Note:  If you omit one of the four required environment variables, CopyCat runs in non-distributed mode and Nuke is locked until training completes or is stopped.

Run Distributed Training on Two Linux/Mac Machines

This example uses IP address variables, <IP-address-1> and <IP-address-2>, and we're assuming that the CopyCat node in <your-nuke-script.nk> is CopyCat1.

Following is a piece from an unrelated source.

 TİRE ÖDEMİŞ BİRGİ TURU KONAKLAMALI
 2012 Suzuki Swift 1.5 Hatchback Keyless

On Machine 1 (<IP-address-1>):

COPYCAT_MAIN_ADDR=<IP-address-1> COPYCAT_MAIN_PORT=30000 COPYCAT_LOCAL_ADDR=<IP-address-1> COPYCAT_RANK=0 COPYCAT_WORLD_SIZE=2 ./Nuke14.1 -F 1 -X CopyCat1 --gpu <your-nuke-script>.nk

On Machine 2 (<IP-address-2>):

COPYCAT_MAIN_ADDR=<IP-address-1> COPYCAT_MAIN_PORT=30000 COPYCAT_LOCAL_ADDR=<IP-address-2> COPYCAT_RANK=1 COPYCAT_WORLD_SIZE=2 ./Nuke14.1 -F 1 -X CopyCat1 --gpu <your-nuke-script>.nk

Run Distributed Training on Two Windows Machines

Running Distributed Training on Windows is the same as on Linux/Mac, but you may need to turn off the Windows firewall on both machines. You can use both IPv6 and IPv4 for the COPYCAT_MAIN_ADDR and COPYCAT_LOCAL_ADDR, but be aware that IPv4 displays errors on the command line.